# groundhogs tonight



## littleking (Jun 25, 2005)

made a quick trip out before the rain, one at 83 yds, one at 366 yards (26 1/8" clicks) with .17 remington


----------



## Mushijobah (May 4, 2004)

Nice shot man.


----------



## littleking (Jun 25, 2005)

thx, my longest yet with my encore...


----------



## truck (Apr 12, 2004)

Good shot  must practice allot ?


----------



## saugeye2 (Feb 15, 2009)

366 yds, thats one heck of a shot.


----------



## ClickerCrazy (Feb 4, 2006)

for a .17 that is pretty crazy distance....I'd be happy to hit it with my .223 at that distance....

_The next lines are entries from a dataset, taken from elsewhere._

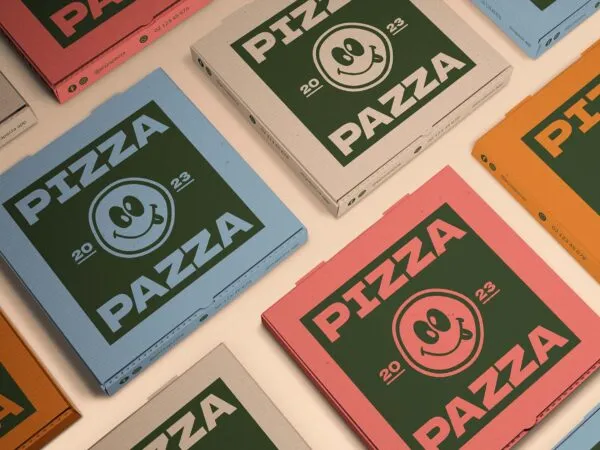 Perspective Sight of Square Pizza Boxes Mockup 1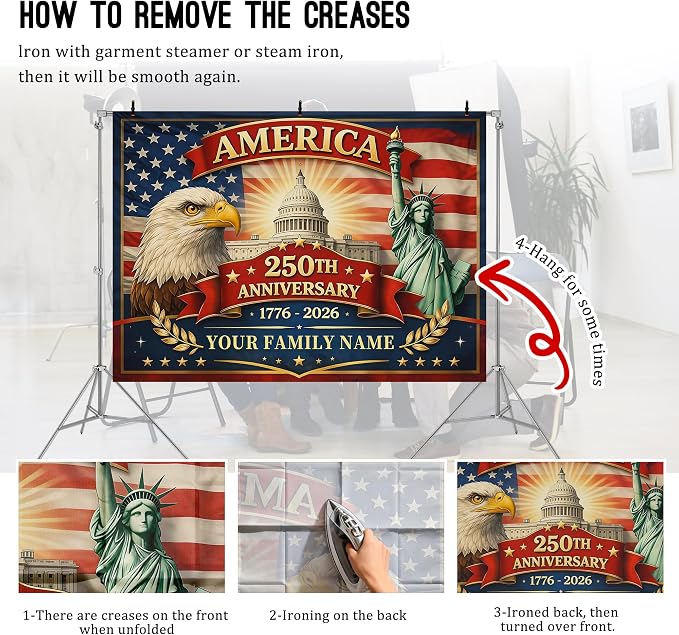 Custom American 250th Anniversary Flag Backdrop 1776-2026, Personalized 250 - Image 5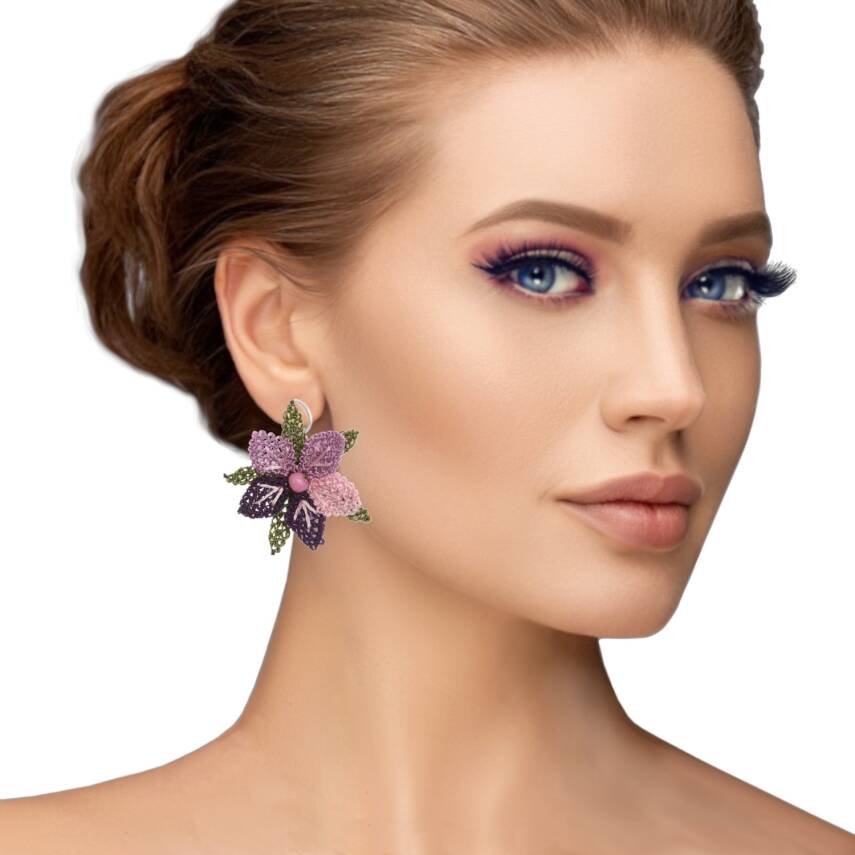 Küpe Mini Çiçek Küpe Elişi İğne Oyası   Cm Mor Lila - 2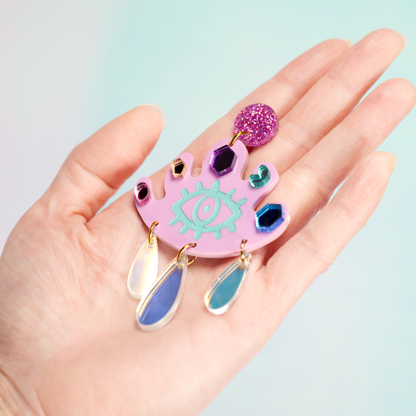 Magical eye gem drop earrings (purple)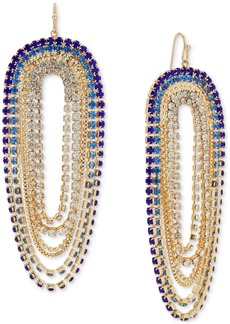 Lucky Brand Gold-Tone Blue Sparkle Chain Linear Earrings - Gold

Do you have a place where you can practice at that distance, or do you go by a ballistics table?


----------



## littleking (Jun 25, 2005)

ClickerCrazy said:


> for a .17 that is pretty crazy distance....I'd be happy to hit it with my .223 at that distance....
> 
> Do you have a place where you can practice at that distance, or do you go by a ballistics table?


keep in mind that this is a .17 remington, NOT a .17 hmr... BIG difference

i use a click chart from load from a disk...

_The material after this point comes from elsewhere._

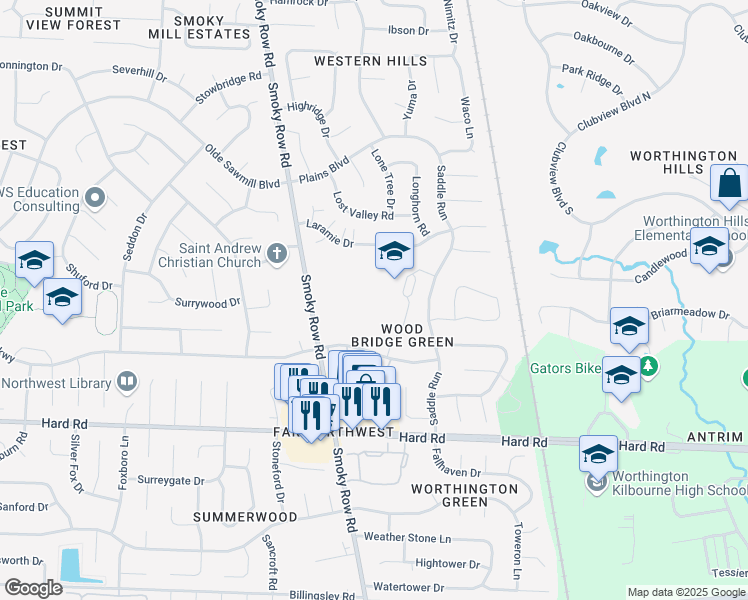 map of restaurants, bars, coffee shops, grocery stores, and more near 8081 Saddle Run in Powell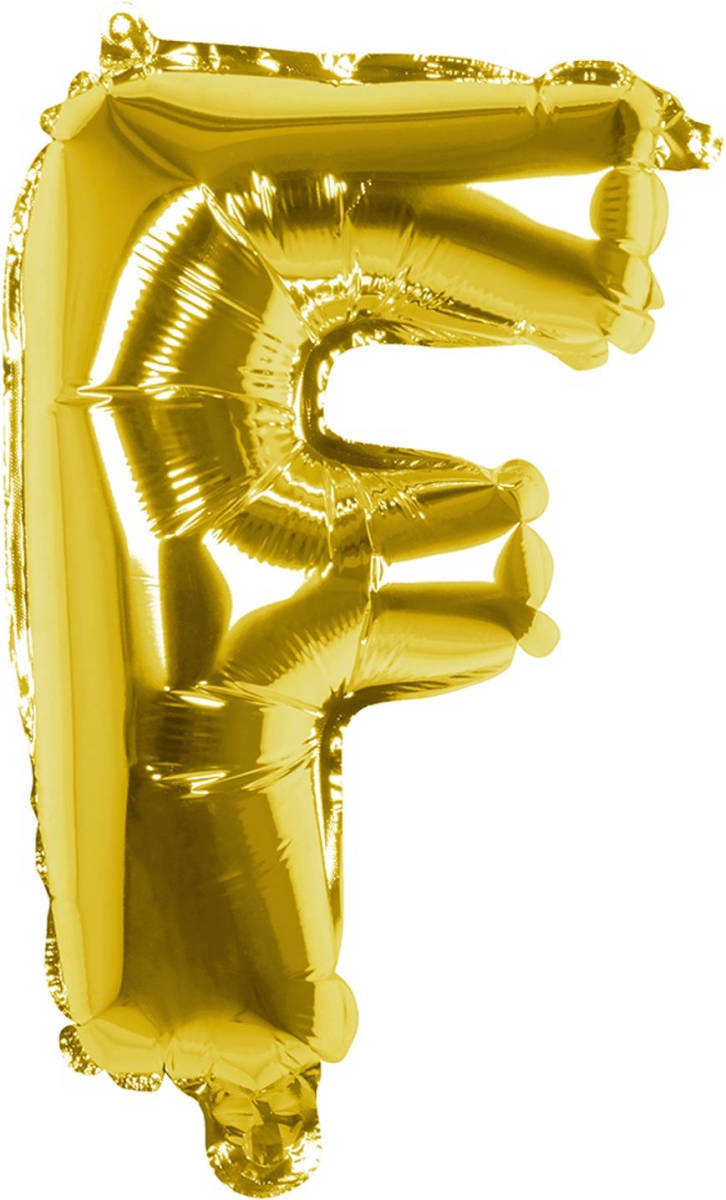 Boland Folieballon Letter F 36 Cm Goud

i chrono'd then verified at 100 & 200yds... and away i went

my average for 5 shots was 3980fps, all 5 withing 20fps of eachother so im getting SUPER consistant speeds..


----------



## T-180 (Oct 18, 2005)

All within 20 fps is pretty darned impressive. Nice shooting by the way.


----------



## ClickerCrazy (Feb 4, 2006)

Man!!! now that's cook'n. Guess I need to read up on these newer .17's. It just seems like so small of a cal. that you would have trouble at longer ranges, if you had any kind of a wind.

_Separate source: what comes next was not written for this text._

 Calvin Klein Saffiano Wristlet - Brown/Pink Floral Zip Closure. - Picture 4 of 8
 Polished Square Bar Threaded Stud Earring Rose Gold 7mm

Great shooting, just proves that it pays to no your weapon.


----------



## T-180 (Oct 18, 2005)

The .17 Rem is far from a new round. Not sure when it hit the market, but it's a serious centerfire round, unlike the new 17's that are much lower power. Very popular in the 1970's with the fox hunting / calling crowd ; took a couple with it myself.
We've had the discussion on wind drift, but if LK hit a hog at 366, he knows his round , rifle, & it's performance.


----------



## littleking (Jun 25, 2005)

like mentioned, this is not a "new" round, it was introduced in 1971... 

I do a lot of shooting, although I do miss too. 

the 17 is a great round, near ZERO recoil, watching the bullet hit thru the scope is spectacular. 

not to mention i have a great groundhogging spot! just ask swollengoat


----------



## T-180 (Oct 18, 2005)

Almost all the hogs are gone out my way, seems the ones that come out in the open have been transformed into coyote poop !!! The farmers are happy, but I sure miss a little tune up in the summer.


----------



## ClickerCrazy (Feb 4, 2006)

talked to my Dad tonight and come to find out he owned one back in the early 70's and used it for prairie dog hunting when we lived in Texas. I guess it just isn't something you hear about much anymore, with all the new .17's out there.


----------



## eyesman_01 (Jan 4, 2007)

T-180 said:


> Almost all the hogs are gone out my way, seems the ones that come out in the open have been transformed into coyote poop !!! The farmers are happy, but I sure miss a little tune up in the summer.


Coyotes make good targets also. Our hunting season closes in march, but we can legally shoot them year 'round with written permission from the property owner.


----------



## T-180 (Oct 18, 2005)

We keep after the 'yotes , but most of our time after them is with snares. Took 10 off of a 150 acre farm this winter !!! Will probably get out here in the next week or so and try calling a few.
T


----------